I admire the intelligence of crows, ravens and magpies.  These magpies have a beautiful sound.


----------



## spectratg (Feb 23, 2022)

All of the animal species on earth, including the human, evolve in different ways.  This is in response to the specific environment as well as random factors.  Hence the clever magpie.  Some species are so fine tuned to their environment that they have lasted relatively unchanged for millions of years (for example, 240 million for crocodiles).  Unfortunately, the human animal (very near term in the grand scheme of things) has been far too successful in evolutionary terms and threatens all life (including its own) on this planet.  As I perhaps have said before, humans are the most dangerous predator and the most invasive species that Gaia Earth has ever seen.  (Not to get off topic or anything )


----------



## Warrigal (Feb 23, 2022)

No worries @spectratg.

 I always welcome a reminder that we humans need to be more considerate of all life forms by protecting the environment that we share with them.


----------



## Alligatorob (Feb 23, 2022)

Warrigal said:


> I have a very sort spot for the Australian magpie.
> This story only serves to further my admiration for them.
> Such clever birds.


Thanks that is interesting.  We also have magpies, but when I looked it up I see they are not the same as yours, not even closely related. 

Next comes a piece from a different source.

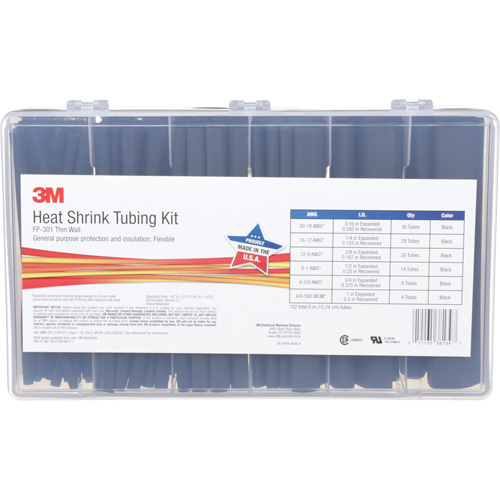 Heat Shrink Tubing, Thin Wall, 6", 1" (2.54cm) - 0.1875" (0.48cm) Superchem Industries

Our magpies are also quite intelligent, I have known people to take young birds from the nest and raise them as pets.  They can be taught to speak and will follow their owner around pretty loyally.  No need for a cage.


Bellbird said:


> I have a hatred of those birds, a pity they managed to make their way over here. The cruelty of them toward other smaller birds makes me feel sick when I see them at it. They think nothing of stealing the chicks out of their nest.


Our magpies are also predators, they will take and eat the young of other birds and sometimes the eggs.  Its just nature.  Are they an invasive species in NZ?


----------



## win231 (Feb 23, 2022)

Bellbird said:


> I have a hatred of those birds, a pity they managed to make their way over here. The cruelty of them toward other smaller birds makes me feel sick when I see them at it. They think nothing of stealing the chicks out of their nest.


Yes, Magpies eat everything from plants to small animals - whatever they can get.  It's part of nature.
How do you feel about lions, tigers, wolves, coyotes killing & eating whatever animal they can get?
How do you feel about feeding our domestic cats & dogs a processed diet that is mainly meat that someone else killed?
How do you feel about people eating cows, pigs, chickens, turkeys & lamb?
As for Magpies stealing chicks out of their nest, how do you feel about stealing baby calves from their mothers so people can eat veal?


----------



## Ruth n Jersey (Feb 23, 2022)

Mother Nature knows how to balance everything out among species. Unfortunately humans are the culprits who have upset nature in every conceivable way,


----------